Chris: This is my third feature, and second working with Amanda. Previously, I leaned more towards uplifting drama films, but have always wanted to move a little darker in my story telling. After we wrapped on our last film, Amanda and I became very close, and decided to collaborate on this script together.
Her fearless style, and no-compromise storytelling lead both of us towards something much rawer and personal. It’s gritty, dark, bleak, but at the same time honest and not totally hopeless. I’m not sure what she thinks, but working together on this went a long way in helping me find my voice, and putting it out there. And that’s why we make any film; we have something to say, and this is the medium with which we choose to say it.
Amanda: What it comes down to is I want to express myself through acting. For me, the roles out there available to someone without any larger works attached to their name are minimal. I get called for a lot of extra work, and I used to do it, but extra work is not acting. The other roles I often get called for are roles requiring comfort with nudity and sexual objectification, i.e. ‘topless girl at party,’ ‘stripper at club,’ ‘prostitute who simulates blow job…’ and I don’t want to get put in that category (if I’m going to be naked, I’m going to be playing ‘Rose Dewitt-Bukater’).
I’m rambling…I want to play characters who have a major purpose and allow me to expose myself as an actress, and co-writing a script with one of your best friends definitely makes this easier.
Imagine I’m a member of the audience. Why should I watch this film?
Chris: We bill this film as a survival thriller/horror, but those labels came after production. We set out to create a complete, interesting story that will challenge audiences to think, and experience the world through someone else’s struggles. In this case, my inspiration to create a crime/kidnapping story came from my work on crime recreations for TV.
While these TV recres were interesting and emotionally draining, because of the TV medium’s limits and censors it was hard to fully express the devastation a victim of an intense crime can go through, and the way it can change a person.

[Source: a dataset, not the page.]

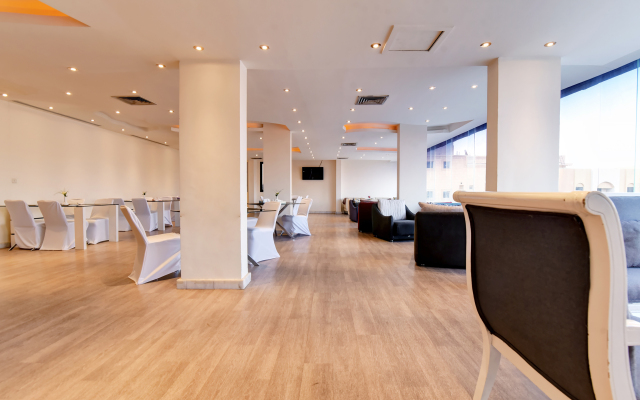Capital O 419 Al Safeer Hotel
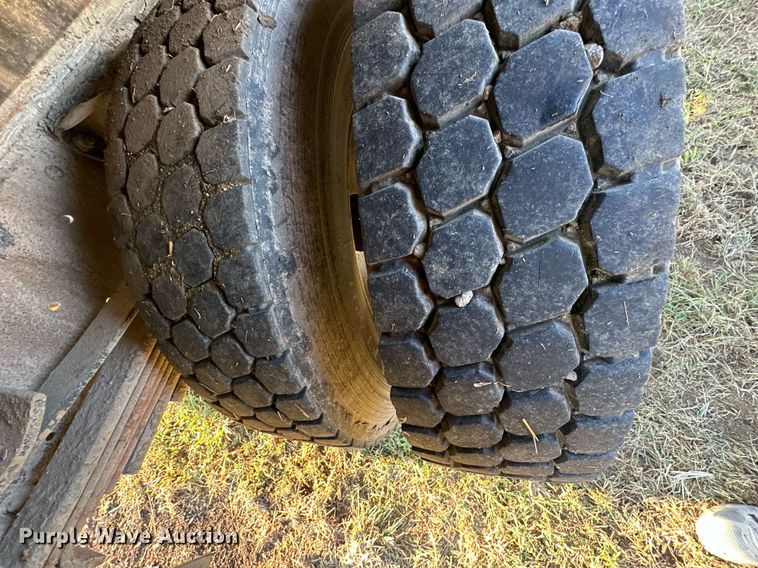 image for item EJ7245 1999 GMC C6500 refuse truck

I wanted to show what someone could realistically experience in life, and the limits/breaking points that given the most horrific situations, can damage us beyond repair. It’s not an easy film to watch, but audiences will hopefully appreciate the honest outlook that sidesteps the traditional Hollywood ending, because sometimes there is no ideal outcome.
Amanda: Because it’s good and I’m in it… Oh, a serious answer, you say? Well, there are a lot of messages we’re trying to get out there with one little film; it challenges morality, it draws a line between choice and fate, and it asks the question, one that comes up so often in life: are you inherently good or evil? There’s love, violence, religion, action, gore, loss, grief, rage, and some hot guys, so I’m sure we’ve got something in there for everyone.
How do personal and universal themes work in your film?
Chris: Ditches, because of the nature of its production, is a very personalized film. Most of the movie is one character, struggling to survive. She makes both good, and bad decisions throughout, and even when a better answer is evident to the audience, she often takes a long time to arrive at it, if ever at all. This is because, put in a survival situation, the mind doesn’t always make the most logical choices.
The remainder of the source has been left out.